Re: Chapter Word Length

janet reid wrote:

Something to consider is the attention span of the average reader. In an ideal word, it shouldn't and wouldn't matter, but with things going the way they are (I might be showing my age here!), I think long chapters will become more and more a disadvantage/problem. I struggle to read for long periods of time on a screen compared to the paper version, but it may just be me. And, like everything else, there will be exceptions, so my comment is only meant in a general kind of way.

Personally ... I try to keep my chapters around the 2300-2500 mark and use scene breaks liberally.

Good number of words. And, if you do have long chapters, give some time breaks for good stopping places.

Re: Chapter Word Length

There is no formula. It depends on what you are writing. The novel I am currently presenting for review on TNBW, Concentric Circles, has 77 chapters. Most are brief and stick to one point each. My first published book of nonfiction had 5 chapters, each of about 12,000 words. The design was five stories. Each had sub-chapters.

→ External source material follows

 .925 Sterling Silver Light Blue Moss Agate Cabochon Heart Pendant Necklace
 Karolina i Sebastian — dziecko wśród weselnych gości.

The approach I used in this present work was what I call a "single scene" chapter. Each scene is complete to the point where I want to take the character before moving on to something else. The end ties all the characters together. Each chapter is a vignette in the life of that character. Even though I use third-person narration, the chapter is through the eyes of that character although there is one main protagonist holding the central role to hold the story together.